Task prompt:
Copy out the listing below exactly, please, and skip any pictures.

Dataset content:
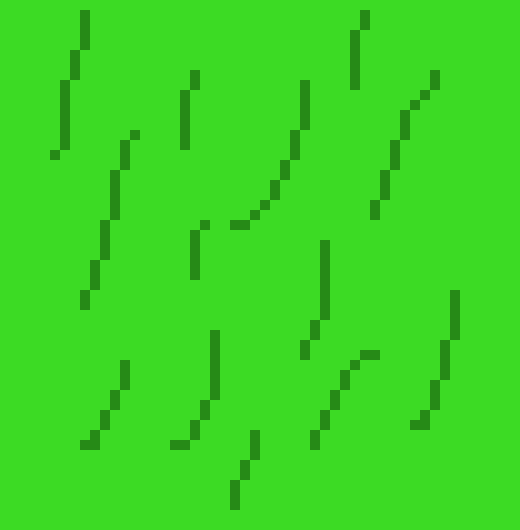 [8d6aca] Grass5
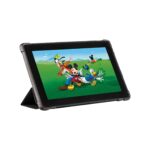 Tablet Multi Disney Junior: Mickey NB618 - 9" / 4GB / 64GB 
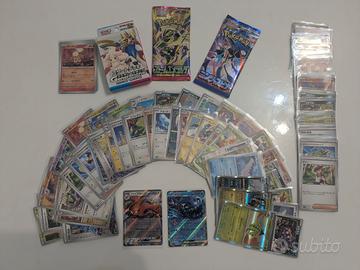 🏆 MEGA BUNDLE POKÉMON GIAPPONESE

The answer:
 [8d6aca] Grass5
 Tablet Multi Disney Junior: Mickey NB618 - 9" / 4GB / 64GB 
 🏆 MEGA BUNDLE POKÉMON GIAPPONESE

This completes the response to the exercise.